It's up to the dog owner to watch the decoy work the club members' dogs, decide whether he wants to let his dog have a bite or not, if the offer comes. 

The next question could now be how can you tell a good decoy from a bad one. For me the first lesson would be "how is he as a human being? " Some of the good decoys are not fitted out with pretty manners - you have to see past this but usually you can sort out the wheat from the chaff by just talking to him. 

A dedicated decoy will never intentionally harm a dog!! Even to teach someone a lesson. He might have a bit of fun "showing up the handler" afterwards and this is sweet revenge!!


----------



## Jerry Lyda (Apr 4, 2006)

Emilio, At training not trial, you want to know how far your dog can be pushed. If he runs the decoy went too far. The decoy should work the dog to a point and then let him WIN. No need to mess with a possible good dog. As Bob said most all dogs can be run. Maybe not in real life because the bad guy will be calling for his Mama. A decoy is protectd and can put a lot of pressure on a dog.

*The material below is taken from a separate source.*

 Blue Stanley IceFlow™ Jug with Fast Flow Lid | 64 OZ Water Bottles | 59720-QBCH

At a trial. The decoys ( in our group ) can only put so much pressure on the dog depending on the level that they are trialing. If you feel that more pressure was put on your dog than the other contestants and if the evaluator don't catch it as you see it, then you file a complaint. The complaint will go before a board and the desission will be made there. You will have to put $ up and if you are ruled to be in the right, the money will go back to you. If you are wrong the money will be lost.

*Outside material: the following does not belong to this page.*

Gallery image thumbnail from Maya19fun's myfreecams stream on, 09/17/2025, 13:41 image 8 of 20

At training if the handler is a butt and acts like Mike has said then reality must set in for the handler. He is living in a fairy tale if he thinks is dog is all that and more. ( Granted some dogs are ) If the dog is then the decoy and all others will give respect where respect is due.


----------



## Mike Di Rago (Jan 9, 2009)

The term decoy is often used, but I like helper in the training context and then decoy in trial or test situation because that gives a good indication of what is expected. The worst thing to do in a club or training situation is let everyone ''take a bite''. Being a good helper to bring out the best in a dog is an art. When you let anyone work your dog problems are sure to arise.
As far as egos go most handlers think highly of their dogs, but I agree with what a few posters have said here. Real tough dogs that won't back down are not as frequent as the owners think. Ask Stewart Hilliard about backing a tough dog !
Mike


----------



## Clark Niemitalo (Jan 21, 2009)

I'm not totaly sure where any of this is going or where it started. But here is my out look on trial work and training work..

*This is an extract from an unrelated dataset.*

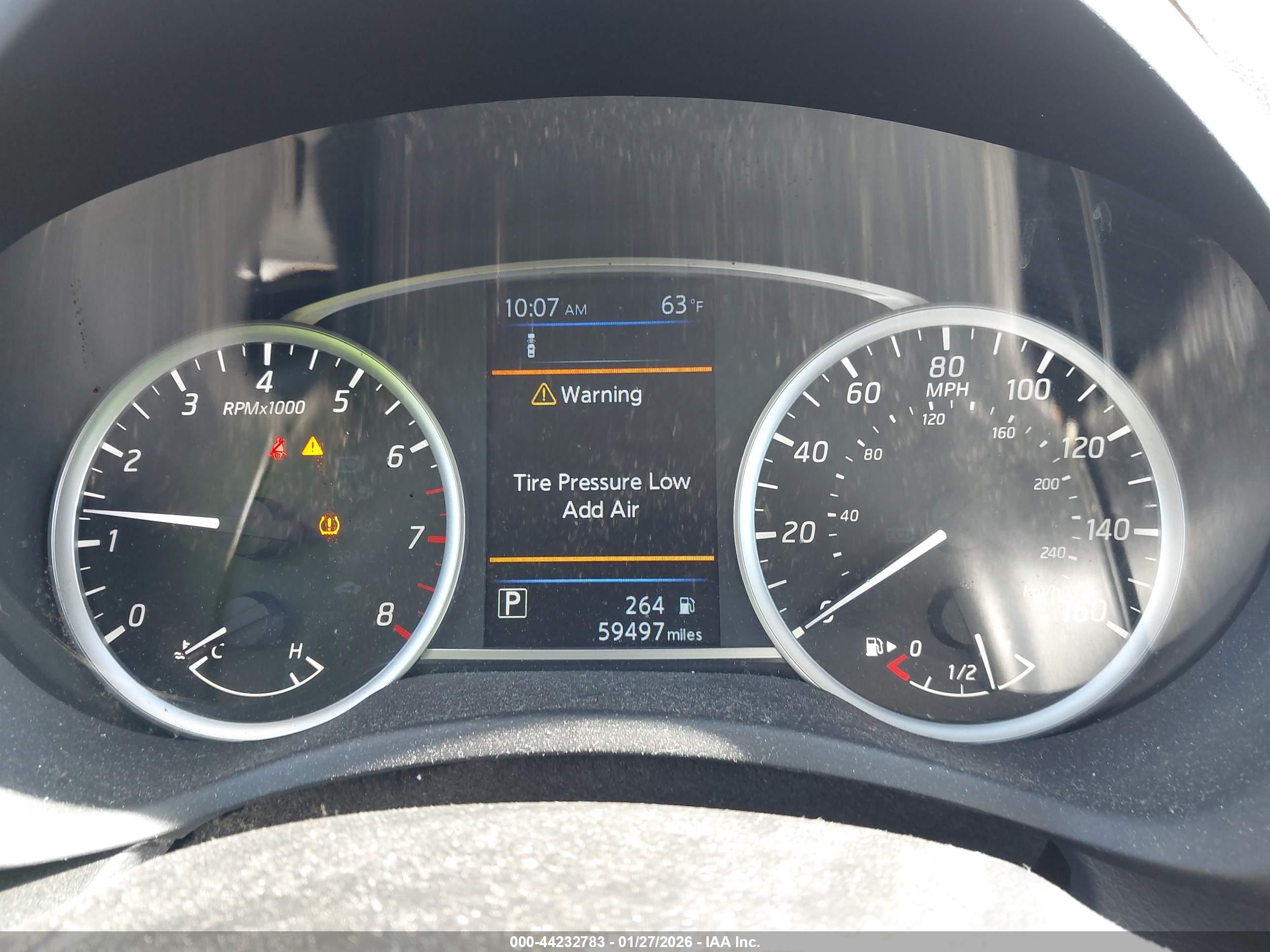 NISSAN SENTRA image 7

As far as trial work i have one roll to test and show accurately to the judge your dog and your training..As far as lower level trials this will still be shown but hopefully without a blow up..At regional or higher I have a job and rules to go by that is that..Now different helpers show different traits I play in a realm of a test through pressure emotional and physical according to the rules if your dog runs i fell bad but i don't change my work..The judge is the only one who can do this..I also have worked from club to world level events with no complaints from the judge..

As far as training my goal is to be a sparing partner who creates a dog that is sure and powerful..Also showing numerous enviormental changes that are not in my venue..So the dog is overly prepared to what will happen..

A strong dog is only as good as it is prepared, And That is That..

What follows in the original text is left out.